Re: Confidence Scoring Weirdness from Shane Smith on 2007-11-01 (www-voice@w3.org from October to December 2007)

From: Shane Smith <safarishane@gmail.com>
Date: Thu, 1 Nov 2007 10:11:46 -0700
To: "Robert Stewart" <robert@wombatnation.com>
Cc: www-voice@w3.org
Message-ID: <8fc15e140711011011r2454fdtcc6103058d688d04@mail.gmail.com>
Good information Robert, but let me clarify...

The ASR in question doesn't change scores depending on maxnbest, as you
suggest.  In fact, maxnbest can be ignored for the purposes of my question.

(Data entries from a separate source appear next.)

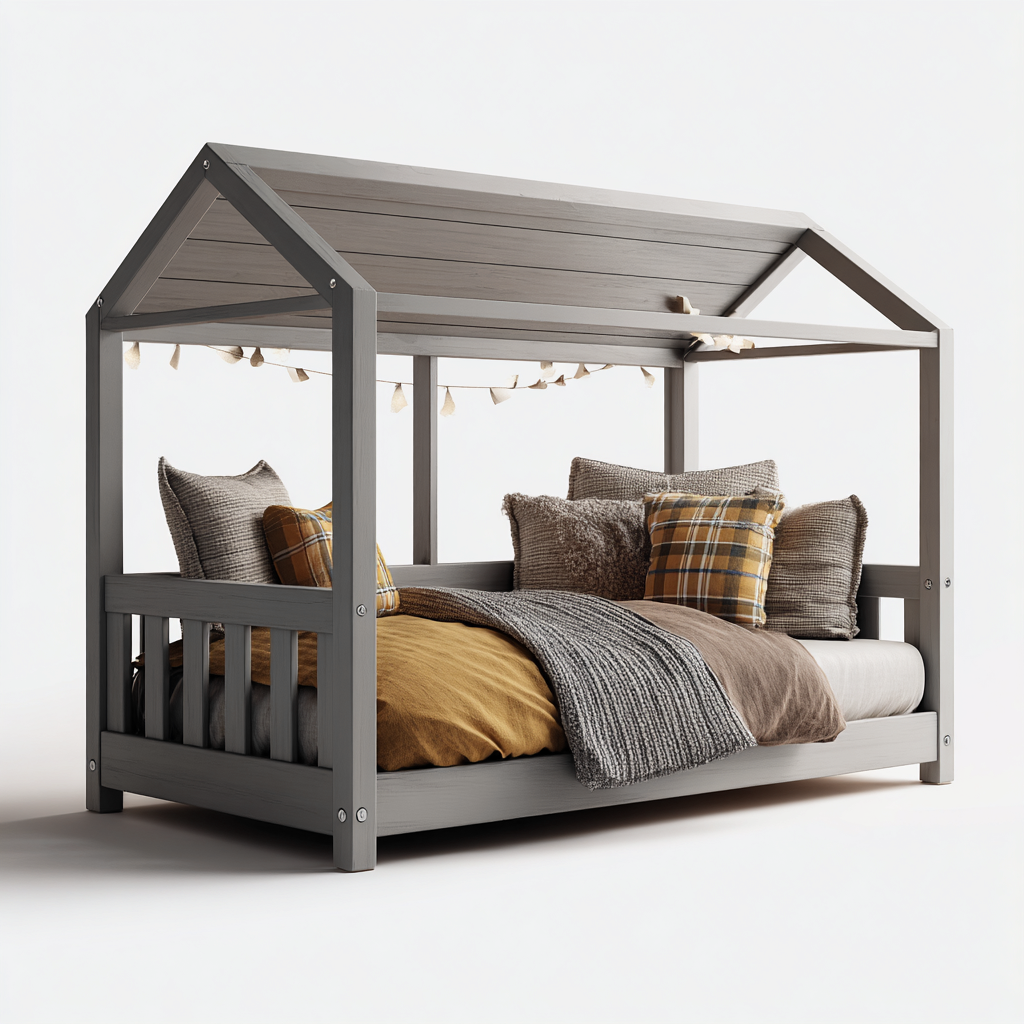 Lit enfant 180x90x150 cm gris moderne - cadre en forme de maison-Bambooupio
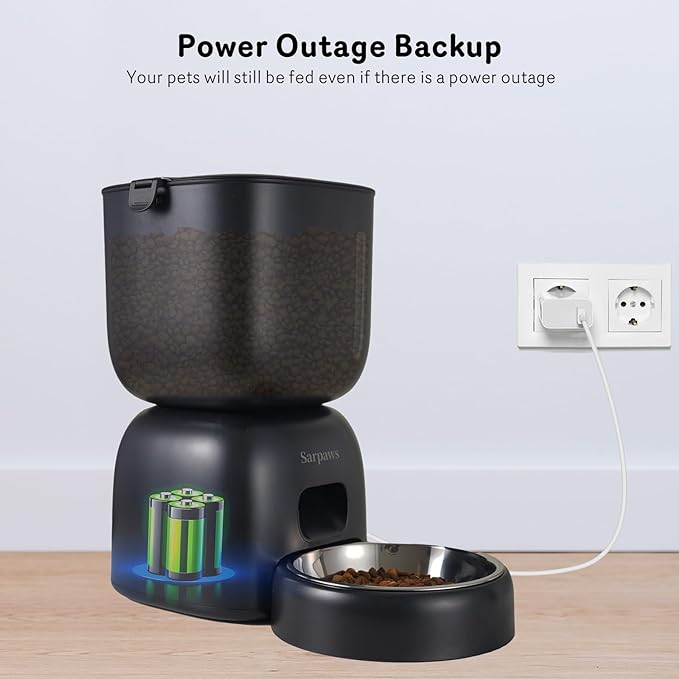 Automatic Cat Feeder and Cat Water Dispenser FW1, Wire or Battery Cat Food Dispenser Timer Pet Feeder - Locking Lid, Desiccant Bag, Programmable Portion Control, 4 Daily Meals, 10s Voice Recorder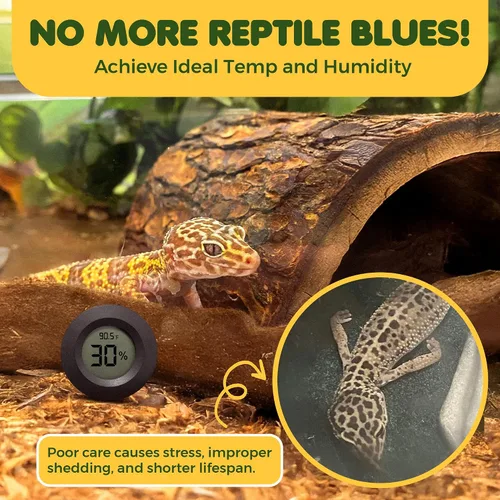 Vista 3 de SunGrow Termómetro de reptiles con higrómetro con pantalla digital, temperatura precisa, medidor de humedad para tanques de serpientes y lagartos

Assume maxnbest of 1.  Raw confidence scores for all three plausible
interpretations come back between .90 and .95, but only the first one
(because of maxnbest) is returned the application.  Now you have one result
with a confidence score of .95.  From an application perspective, I would
look at that result and assume that the ASR engine had easily identified
from all possible utterances what the caller actually matched, with a 95%
confidence score.

But this couldn't be further from the truth.  The ASR engine is actually
returning raw scoring, in no way weighted based on other possible
utterances. While it's 95% sure it said one thing, it's also 92.5% sure it
said something else, and 90% sure of a third possible utterance.  The way
the confidence score is described in the spec, it is a score of how 'sure'
the ASR engine is it got it right.  If there are really three plausible
possibilities, then how could the ASR engine know with a 95% confidence
which one is right?

In other words, the confidence score is determined completely independently
of other possibilities.

Let's say for a moment the grammar I'm using that is returning those 3 high
confidence possibilities has 100 possible matching utterances.  Now, pretend
I just added 900 more utterances to that grammar.  With 1000 possible
matches, the ASR engine should have more trouble disambiguating on the
correct utterance, no?  I should expect my confidence scores to drop,
right?  Wrong.  I'll still get the same 90, 92.5, and 95's I got previously,
because each utterance is scored independently.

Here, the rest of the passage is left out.